Permanent Surgical Injury Case Settled for More Than $1 Million
Prior to any surgery, a patient and their family members always want to know what risks are involved in the procedure.
The patient depends on the surgeon to offer a step-by-step description of the procedure and to discuss any and all risks involved.
But the parents of a young child under going surgery to remove a very large hemangioma on her face were never told that facial paralysis was one of the risks of the surgery. As a result of facial nerve damage during the procedure, the child was left with a profound left facial paralysis.
What’s more, the surgeon was not available to the parents immediately following the surgery to discuss any complications that may have arisen and did not schedule any follow-up appointments.
The child’s parents sued the surgeon, alleging negligent performance of surgery, resulting in the transection of the facial nerve, and failure to intervene within the critical postoperative period. Through mediation, the case was resolved for more than $1 million.
At age 5, the child who had been born with a large hemangioma of the left side of the face was scheduled for surgery. The hemangioma had grown rapidly during infancy, leading to congestive heart failure (treated with digitalis and diuretics).
Hemangiomas are benign tumors made of blood vessels. They are frequently found on the skin of the head or neck and grow and change during the first few months of life. Annually, about 80,000 children in the United States are diagnosed with hemangioma, and about 12 percent require treatment. Complications of hemangioma include permanent scarring, ulceration, bleeding, loss of vision, airway obstruction, congestive heart failure and, very rarely, death.
The plastic and reconstructive surgeon discussed doing a first-stage skin resection and reassured the patient’s parents that the surgery would go well. The informed consent signed by the surgeon and the patient’s mother made no mention of the risk of a facial nerve injury, a recognized risk of these procedures.
The hemangioma (8x8 cm, 3cm in depth) was excised with difficulty. In the operative report, the surgeon specifically mentioned attempting to avoid damage to the facial nerve by dissecting across the deep portion of the hemangioma but superficial to the parotid masseteric fascia, several layers beneath the skin. The surgery was five hours long with extensive bleeding, which obscured the operative field. The patient required two pediatric units of blood intraoperatively.

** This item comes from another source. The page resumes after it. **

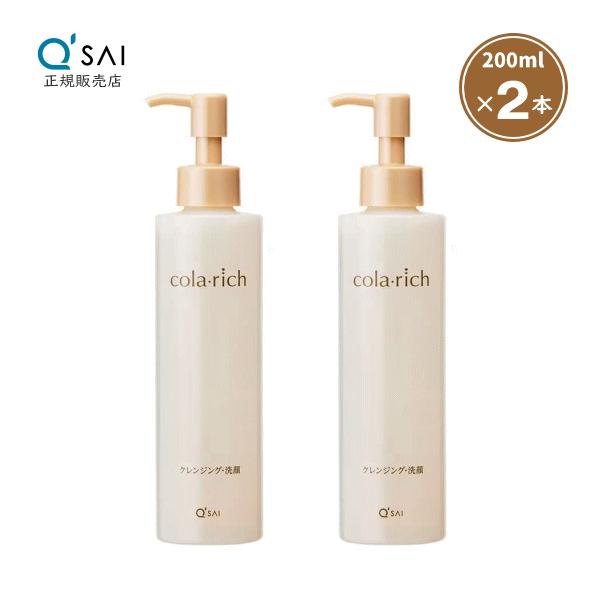 コラリッチ キューサイ クレンジングウォッシュ 200ml 2本まとめ買い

After surgery, the patient was taken to the ICU, where she remained intubated because of fluid shifts, significant facial edema, and the potential for airway difficulty. She required further transfusions of packed cells and platelets.
In the days following the surgery, she remained on mechanical ventilation, and was agitated and swollen. The parents asked many questions but did not find the surgeon adequately accessible.
After an extended postoperative stay, the patient returned home to another city. The surgeon advised the parents that she expected their daughter’s postoperative symptoms of facial weakness and swelling on the left side to resolve with time.
Six months after surgery, the parents were increasingly concerned about the lack of motion of the upper portion of the child’s face. At that time, the child was evaluated for possible repair/reconstruction. The surgeon noted “trace of marginal mandibular function with no facial nerve function in the remainder of the face, representing an injury to the main or peripheral branch of the facial nerve.” An EMG showed minimal remaining facial nerve function on the left.
During the subsequent repair, the left facial nerve was identified in the scar from the prior surgery and was noted to be involved in the hemangioma. Nearly a year after the first operation, no significant muscular function had returned to the left side of the child’s face.
The child’s parents had a strong case for medical malpractice based on the following factors:
The operative note signed by the surgeon is silent regarding the identification and isolation of the facial nerve. Great care must be exercised during surgery in this area to avoid damage to that nerve and to minimize the effects if it is damaged. The surgeon should have documented the routines and the fact that they were followed carefully to prevent or minimize injury.
Blood loss was not recorded in the operative report. It is customary to record estimated blood loss in the operative report, particularly if the blood loss was large.
The patient was lost to follow-up. Postoperative monitoring seemed to stop after the patient was discharged, and the facial nerve damage was not identified for several months. The attending surgeon should address any complications with the patient and family in a direct and forthright manner, to afford the optimal opportunity to recover.
The most serious risks of this procedure were not discussed with the parents, even though the risks are common to this procedure. The parents’ expectations for a successful surgery were very high based on their conversation with the surgeon. They had not anticipated the complication or the prolonged period of intubation that was required following the surgery.
The surgeon avoided the parents in the immediate postoperative period when intervention could perhaps have improved their daughter’s outcome. The first evaluation for possible repair/reconstruction was performed six months later – too late to expect successful recovery of nerve function.